School choice is close to my heart, because Diane and I chose to home-school our two children, and were blessed to see our kids not only succeed in academics but excel out in the real world. Living on a ranch 36 miles from town would have meant multiple hours in a school bus every day for our kids, not to mention the countless wasted hours that a public school teacher must spend on discipline, and the lowest-common-denominator approach that so many schools are forced to take, even with well-adjusted, bright students.
So, we decided that our kids would be better served by more freedom, and the choice of home-schooling. By the time our children were in 8th grade, they tested out of High School on their SATs, and they reveled in the freedom to pursue their interests and take on entrepreneurial endeavors in junior high and high school. Children are gifts to us, their parents, and there is nothing that brings me more joy than watching my son build custom furniture using skills I passed on to him, or my daughter enjoying classic literature because my wife and I nurtured that love of English and let her experience the classics at a young age.
Because of my experience with our family, and the way that I see parents fighting for their children’s education every day, I fully support school choice. This doesn’t mean that I think everyone should do what Diane and I did, but that parents should have the freedom to choose the best option for their family and circumstances: whether that is private school, public school, charter school or home-schooling.
I think that parents and communities are the best advocates for children, and they know best how to motivate, teach and inspire their students.

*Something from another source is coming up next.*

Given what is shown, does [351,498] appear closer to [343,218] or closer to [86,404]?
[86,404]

Centrally planned and mandated curriculums cannot account for the learning styles, unique capabilities and diverse backgrounds of children across America, and nor should it.
Through the wasteful spending of the Federal education system, the poorly written curriculum of Common Core and the deadly grip of unions in public schools, our kids are being left behind the rest of the world, and an entire generation of students are sentenced to duller futures because we are not giving them the choice to succeed.

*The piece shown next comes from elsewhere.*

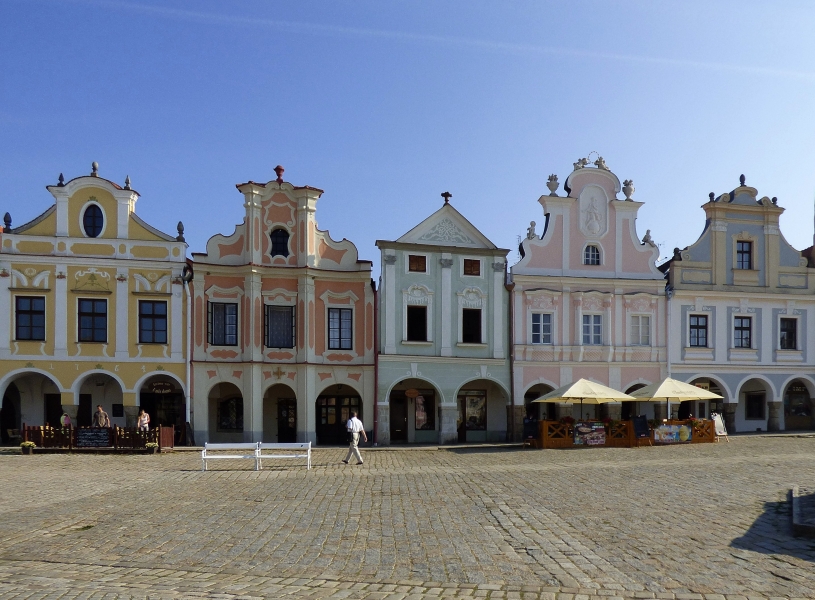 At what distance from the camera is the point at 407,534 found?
10.9m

For example, the 2012 Program for International Student Assessment (PISA) found that: “While the U.S. doesn’t break the top ten on any academic subject, it ranks fifth in educational expenditures at a whopping $115,000 per student. Only Austria, Luxembourg, Norway, and Switzerland spend more. Countries that outperform the United States spend drastically less.” as cited in this Americans for Prosperity article: http://americansforprosperity.org/legislativealerts/what-pisa-tells-us-about-american-education-reform
As the Federation for Children points out:
- An estimated 1.1 million students failed to graduate with a diploma in 2011. That is 6,000 dropouts a day or one dropout every 29 seconds.

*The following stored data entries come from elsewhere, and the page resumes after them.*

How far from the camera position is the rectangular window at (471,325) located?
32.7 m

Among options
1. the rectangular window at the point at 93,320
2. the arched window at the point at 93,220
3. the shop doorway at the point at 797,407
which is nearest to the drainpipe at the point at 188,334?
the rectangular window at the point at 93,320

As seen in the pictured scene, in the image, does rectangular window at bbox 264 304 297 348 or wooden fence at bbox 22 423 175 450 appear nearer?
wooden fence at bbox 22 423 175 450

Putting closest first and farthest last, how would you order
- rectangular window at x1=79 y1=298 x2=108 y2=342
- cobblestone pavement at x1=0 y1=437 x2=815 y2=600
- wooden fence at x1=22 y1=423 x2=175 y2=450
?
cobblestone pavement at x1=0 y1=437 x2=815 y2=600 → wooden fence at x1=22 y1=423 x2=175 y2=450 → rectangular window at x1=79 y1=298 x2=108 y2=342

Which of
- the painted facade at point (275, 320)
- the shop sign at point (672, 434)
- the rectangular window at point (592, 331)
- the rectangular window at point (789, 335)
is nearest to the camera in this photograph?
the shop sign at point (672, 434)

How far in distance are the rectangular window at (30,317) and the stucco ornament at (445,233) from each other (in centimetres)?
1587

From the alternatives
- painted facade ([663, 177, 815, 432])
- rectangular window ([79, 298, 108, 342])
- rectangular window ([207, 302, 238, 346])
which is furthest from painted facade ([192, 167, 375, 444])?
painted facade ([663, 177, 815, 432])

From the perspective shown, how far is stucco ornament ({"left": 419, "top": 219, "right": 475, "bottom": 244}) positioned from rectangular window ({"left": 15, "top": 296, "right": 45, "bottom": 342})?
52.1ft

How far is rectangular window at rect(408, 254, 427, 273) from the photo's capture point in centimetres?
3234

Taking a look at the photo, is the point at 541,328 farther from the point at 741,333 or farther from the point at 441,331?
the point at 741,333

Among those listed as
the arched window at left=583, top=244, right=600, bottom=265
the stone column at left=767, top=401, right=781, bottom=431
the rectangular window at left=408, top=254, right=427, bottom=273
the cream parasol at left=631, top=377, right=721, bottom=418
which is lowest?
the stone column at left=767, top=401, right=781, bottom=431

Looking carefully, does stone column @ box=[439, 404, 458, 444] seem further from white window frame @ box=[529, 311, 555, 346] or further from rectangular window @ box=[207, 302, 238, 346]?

- Nearly half (48 percent) of public schools across the country are labeled as failing, and they serve a disproportionate number of minority students.
- Only 24 percent of eighth and 12th grade students have solid writing skills. Students who qualify for the federal free and reduced-price lunch program scored 27 points below students from families with higher incomes.
- The national achievement gap between lower- and higher-income students is 27 points.
- Students who drop out of school are twice as likely to end up in poverty.
Stats found here: http://federationforchildren.org/why-school-choice
This is a crisis of epic proportions, but opponents of school choice would have us believe that the status quo is “just fine”. Do those numbers seem “just fine” to you? How would you use $115,000 to educate your child, if given the choice?
It must be noted that, although there are certainly a few bad apples, teachers and principals are not the problem - the bureaucracy surrounding public schooling is. We are so worried about the protection of teachers and the satisfaction of the teacher’s union that we are failing our kids on a grand scale. More and more parents and students are begging for school choice and a chance to home-school, attend a private or charter school, or force change in their public schools, but comfortable education professionals and the entrenched status quo are stifling this movement.
We should be risking everything to make our kids’ dreams come true, not holding them back to meet our desires. So I think it’s time to remove the stigma from School Choice and let parents, communities and educators have a say once again.
Every child should have access to quality education, and schools should have to compete for educational dollars, not stifle dissent and punish parents who are simply looking out for their families.
Religious education, learning disabilities or low-income neighborhoods are just a few of the issues that school choice can help solve, so join with me this week, and let’s Amplify Choice - giving every child a hope of a bright future and the kind of healthy, intellectually stimulating education that my kids were blessed to experience.